Governor signs education bill

by Becky GINOS

BOUNTIFUL—Students at Meadowbrook Elementary witnessed a piece of history on Monday. Gov. Gary Herbert visited the school to sign a bill intended to bring more education funding to the state.

During the waning hours of the 2018 Legislative session, lawmakers crafted an agreement between the legislature and Our Schools Now, a group advocating for an initiative that would generate $700 million for education through raising income and sales tax.

The compromise will place a nonbinding question on the November ballot asking voters to decide to add 10 cents to the state’s gas tax that could lead to an additional $845 per pupil by 2023.

“Good things are happening and they have to do with you,” Rep. Becky Edwards, R-North Salt Lake who helped run the bill told the children. “Utah cares a lot about you. We’re good in Utah for making more students and children. This is a great opportunity for our future. We care about our students, schools and teachers.”

Edwards said when the legislature saw how many signatures the group had collected they knew it was important. “We said ‘wow’ if that many people care we should too,” she said. “We need people to make their voice heard in November.”

In the House chamber are the Latin words Vox Populi, said Edwards. “That means voice of the people. We’ve seen with this initiative the voice of the people and we will make that voice heard.”

“This bill will help you achieve your dreams,” said Scott Anderson, president of Zions Bank and Our Schools Now member. “We’re lucky to have a governor who is a champion of education and teachers. I want to thank the legislators who carried this bill. It was a miracle because they did it in about two days.”

Anderson also thanked the more than 150,000 Utahns who signed the petition. “These people are heroes for stepping up and speaking out to ensure that students have what they need and teachers have the resources to give you a great education,” he said. “This is Utah’s ‘secret sauce.’ We bring things together that are difficult but we work together to make it happen. These sacrifices will benefit all of you – especially the children in this room.”

Jazz owner Gail Miller, who is also a member of Our Schools Now, said things are different than when she was in school. “Why should you be in school?” she said. “It’s to learn. This is your job as a child. It’s just like going to work every day. It helps you become what you want to be when you grow up. Today I’m a businesswoman and I own the Jazz. That wouldn’t have happened if I hadn’t listened in school.”

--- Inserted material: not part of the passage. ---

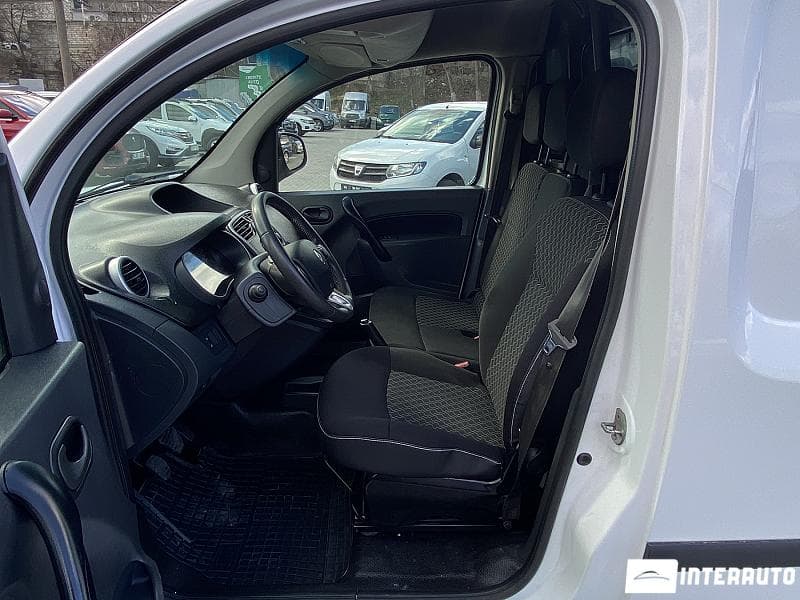 2013 Renault Kangoo — Miniatură 6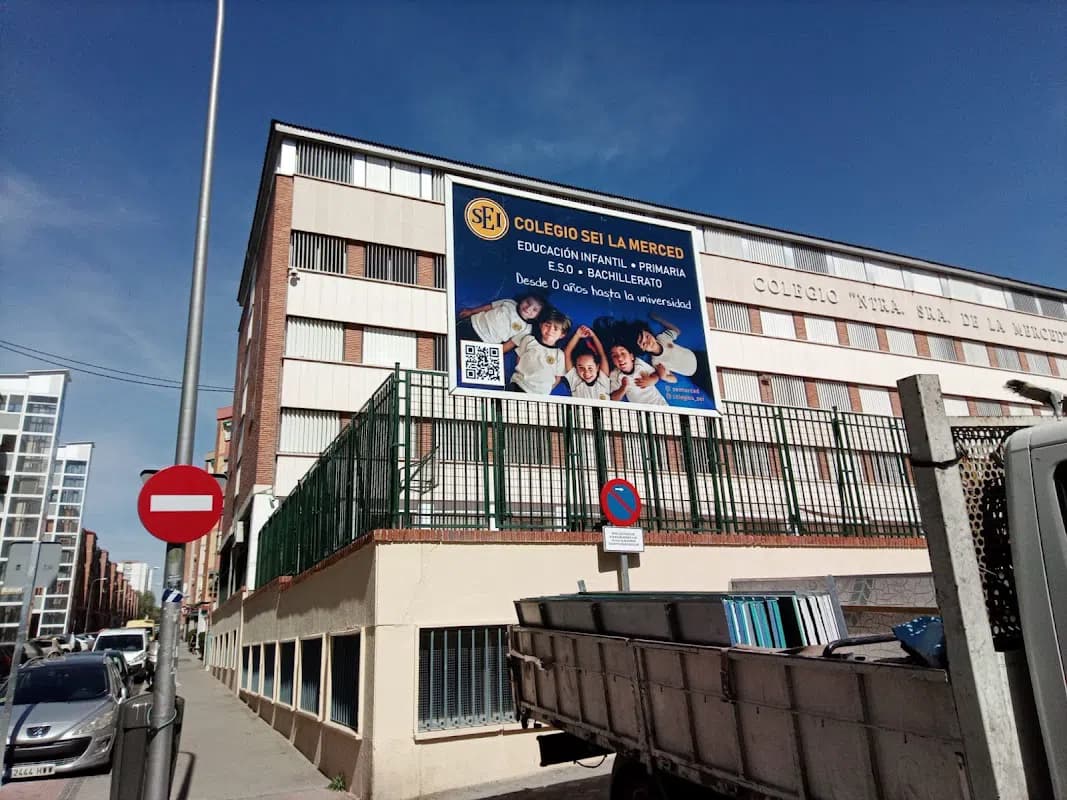 Colegio Sei La Merced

The teachers and staff come to work and make sacrifices every day, said Miller. “They do that because they love you. We believe in you and your potential. You have the ability to make a positive impact in society.”

Herbert said the agreement was done in the spirit of collaboration. “We want to make sure we help each other and come together as a team. I challenge you to do two things at school, learn and make a new friend.”

He also challenged the students to seek post education either through college or technical schools. “The more education you get the more opportunities you will have,” said Herbert. “You should come with the attitude that you want to learn. You have teachers who love you and care about you. I hope you can be the best you can be. Our goal is to be the best education system in America. You are our future.”